All of lore.kernel.org
 help / color / mirror / Atom feed
* [PATCH] fix might sleep oops in irq affinity callback hook
@ 2013-08-20 17:59 Joe Korty
  2013-08-21 15:53 ` Sebastian Andrzej Siewior
  0 siblings, 1 reply; 7+ messages in thread
From: Joe Korty @ 2013-08-20 17:59 UTC (permalink / raw)
  To: Steven Rostedt; +Cc: linux-rt-users

Fix might_sleep oops in the irq affinity notifier logic.

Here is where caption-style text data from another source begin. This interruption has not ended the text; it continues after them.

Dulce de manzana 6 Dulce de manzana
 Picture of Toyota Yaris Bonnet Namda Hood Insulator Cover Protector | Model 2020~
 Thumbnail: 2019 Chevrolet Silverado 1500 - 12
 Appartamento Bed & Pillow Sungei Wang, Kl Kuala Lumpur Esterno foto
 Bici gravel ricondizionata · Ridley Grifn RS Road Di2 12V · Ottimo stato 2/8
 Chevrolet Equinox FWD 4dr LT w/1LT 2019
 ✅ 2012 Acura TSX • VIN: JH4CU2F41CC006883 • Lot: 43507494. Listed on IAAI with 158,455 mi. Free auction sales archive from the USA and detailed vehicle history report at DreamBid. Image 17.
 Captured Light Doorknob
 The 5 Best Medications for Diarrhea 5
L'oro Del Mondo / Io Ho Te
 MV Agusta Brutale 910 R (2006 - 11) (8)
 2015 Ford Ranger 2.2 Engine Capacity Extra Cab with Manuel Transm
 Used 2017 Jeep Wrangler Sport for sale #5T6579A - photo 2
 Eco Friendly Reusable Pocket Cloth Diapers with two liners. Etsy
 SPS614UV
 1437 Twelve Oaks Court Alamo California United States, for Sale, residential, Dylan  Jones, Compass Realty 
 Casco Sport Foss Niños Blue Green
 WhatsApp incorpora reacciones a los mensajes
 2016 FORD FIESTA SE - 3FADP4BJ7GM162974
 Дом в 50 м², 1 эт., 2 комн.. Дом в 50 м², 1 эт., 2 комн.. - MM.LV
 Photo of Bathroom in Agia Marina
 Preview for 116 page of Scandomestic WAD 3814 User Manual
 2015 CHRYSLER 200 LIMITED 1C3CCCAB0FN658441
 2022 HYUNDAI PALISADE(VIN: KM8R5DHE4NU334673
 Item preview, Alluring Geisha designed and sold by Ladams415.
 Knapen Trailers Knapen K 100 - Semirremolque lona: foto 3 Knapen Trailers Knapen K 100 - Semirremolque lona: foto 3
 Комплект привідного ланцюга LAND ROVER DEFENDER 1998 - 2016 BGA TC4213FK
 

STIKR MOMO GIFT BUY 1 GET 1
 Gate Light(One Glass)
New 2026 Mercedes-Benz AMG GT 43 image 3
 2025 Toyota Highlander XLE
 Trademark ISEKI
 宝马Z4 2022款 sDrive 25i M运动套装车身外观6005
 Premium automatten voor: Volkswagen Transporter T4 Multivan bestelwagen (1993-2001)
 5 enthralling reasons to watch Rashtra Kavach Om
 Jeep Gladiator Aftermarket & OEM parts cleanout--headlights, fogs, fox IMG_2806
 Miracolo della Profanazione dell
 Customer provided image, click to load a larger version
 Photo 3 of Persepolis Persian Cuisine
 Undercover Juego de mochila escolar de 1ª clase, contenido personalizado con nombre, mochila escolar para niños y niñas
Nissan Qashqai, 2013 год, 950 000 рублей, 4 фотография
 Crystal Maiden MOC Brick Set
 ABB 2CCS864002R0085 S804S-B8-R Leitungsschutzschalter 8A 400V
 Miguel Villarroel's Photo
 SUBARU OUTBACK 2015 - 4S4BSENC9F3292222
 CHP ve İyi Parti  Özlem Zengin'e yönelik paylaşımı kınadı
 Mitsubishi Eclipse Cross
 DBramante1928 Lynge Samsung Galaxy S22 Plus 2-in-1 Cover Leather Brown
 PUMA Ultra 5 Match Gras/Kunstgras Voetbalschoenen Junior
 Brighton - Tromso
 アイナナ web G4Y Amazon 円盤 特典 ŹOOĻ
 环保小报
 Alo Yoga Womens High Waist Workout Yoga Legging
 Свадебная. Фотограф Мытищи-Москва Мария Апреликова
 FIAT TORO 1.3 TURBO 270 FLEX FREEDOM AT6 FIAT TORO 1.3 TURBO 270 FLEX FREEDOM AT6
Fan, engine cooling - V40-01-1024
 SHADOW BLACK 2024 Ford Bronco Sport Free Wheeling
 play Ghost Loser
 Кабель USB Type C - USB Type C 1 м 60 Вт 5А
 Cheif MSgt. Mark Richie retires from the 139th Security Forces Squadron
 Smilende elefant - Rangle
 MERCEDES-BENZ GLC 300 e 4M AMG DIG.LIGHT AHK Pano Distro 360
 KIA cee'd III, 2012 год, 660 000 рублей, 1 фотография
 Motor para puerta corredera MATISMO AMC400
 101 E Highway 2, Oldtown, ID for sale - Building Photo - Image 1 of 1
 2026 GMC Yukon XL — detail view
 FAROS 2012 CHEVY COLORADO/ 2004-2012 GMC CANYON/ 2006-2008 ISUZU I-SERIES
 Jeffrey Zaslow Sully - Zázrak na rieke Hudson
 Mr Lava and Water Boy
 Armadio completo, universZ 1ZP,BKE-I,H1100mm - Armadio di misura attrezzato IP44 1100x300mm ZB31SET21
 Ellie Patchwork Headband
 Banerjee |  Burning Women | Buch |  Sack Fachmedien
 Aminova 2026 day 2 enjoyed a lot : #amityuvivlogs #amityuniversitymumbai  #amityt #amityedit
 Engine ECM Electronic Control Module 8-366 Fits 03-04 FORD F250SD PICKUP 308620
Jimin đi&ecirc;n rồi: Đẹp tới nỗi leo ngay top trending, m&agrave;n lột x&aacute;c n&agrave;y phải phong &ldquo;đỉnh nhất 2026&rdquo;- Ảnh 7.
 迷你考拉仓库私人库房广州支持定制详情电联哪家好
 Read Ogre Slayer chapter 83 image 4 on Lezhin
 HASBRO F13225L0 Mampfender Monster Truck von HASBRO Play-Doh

Bug was due to the generic support function
irq_set_affinity() invoking schedule_work() underneath
a raw spin lock.  Our workaround is to move the
schedule_work() down a few lines to where the lock has
just been dropped.  This may not be ideal, as the resultant
code is a bit ugly.

This bug was discovered when the sfc networking driver
was loaded.  Perusal of the kernel source shows that the
mellanox and infiniband drivers are also likely to suffer
from this problem.

(applies to 3.6.11.6-rt38, appears to be applicable to
all later rt's and I expect it is valid for all earlier
rt's as well).

Signed-off-by: Joe Korty <joe.korty@ccur.com>

Index: b/kernel/irq/manage.c
===================================================================
--- a/kernel/irq/manage.c
+++ b/kernel/irq/manage.c
@@ -163,7 +163,7 @@ int irq_do_set_affinity(struct irq_data 
 	return ret;
 }
 
-int __irq_set_affinity_locked(struct irq_data *data, const struct cpumask *mask)
+static int __irq_set_affinity_locked(struct irq_data *data, const struct cpumask *mask)
 {
 	struct irq_chip *chip = irq_data_get_irq_chip(data);
 	struct irq_desc *desc = irq_data_to_desc(data);
@@ -179,10 +179,6 @@ int __irq_set_affinity_locked(struct irq
 		irq_copy_pending(desc, mask);
 	}
 
-	if (desc->affinity_notify) {
-		kref_get(&desc->affinity_notify->kref);
-		schedule_work(&desc->affinity_notify->work);
-	}
 	irqd_set(data, IRQD_AFFINITY_SET);
 
 	return ret;
@@ -205,7 +201,14 @@ int irq_set_affinity(unsigned int irq, c
 
 	raw_spin_lock_irqsave(&desc->lock, flags);
 	ret =  __irq_set_affinity_locked(irq_desc_get_irq_data(desc), mask);
-	raw_spin_unlock_irqrestore(&desc->lock, flags);
+
+	if (!ret && desc->affinity_notify) {
+		kref_get(&desc->affinity_notify->kref);
+		raw_spin_unlock_irqrestore(&desc->lock, flags);
+		schedule_work(&desc->affinity_notify->work);
+	} else
+		raw_spin_unlock_irqrestore(&desc->lock, flags);
+
 	return ret;
 }
 
Index: b/include/linux/irq.h
===================================================================
--- a/include/linux/irq.h
+++ b/include/linux/irq.h
@@ -381,7 +381,6 @@ extern void remove_percpu_irq(unsigned i
 
 extern void irq_cpu_online(void);
 extern void irq_cpu_offline(void);
-extern int __irq_set_affinity_locked(struct irq_data *data,  const struct cpumask *cpumask);
 
 #ifdef CONFIG_GENERIC_HARDIRQS
 

^ permalink raw reply	[flat|nested] 7+ messages in thread

* Re: [PATCH] fix might sleep oops in irq affinity callback hook
  2013-08-20 17:59 [PATCH] fix might sleep oops in irq affinity callback hook Joe Korty
@ 2013-08-21 15:53 ` Sebastian Andrzej Siewior
  2013-08-21 21:09   ` Joe Korty
  0 siblings, 1 reply; 7+ messages in thread
From: Sebastian Andrzej Siewior @ 2013-08-21 15:53 UTC (permalink / raw)
  To: Joe Korty; +Cc: Steven Rostedt, linux-rt-users

Joe could you please test this one? In 3.10 we have one user of
__irq_set_affinity_locked() and we might get more.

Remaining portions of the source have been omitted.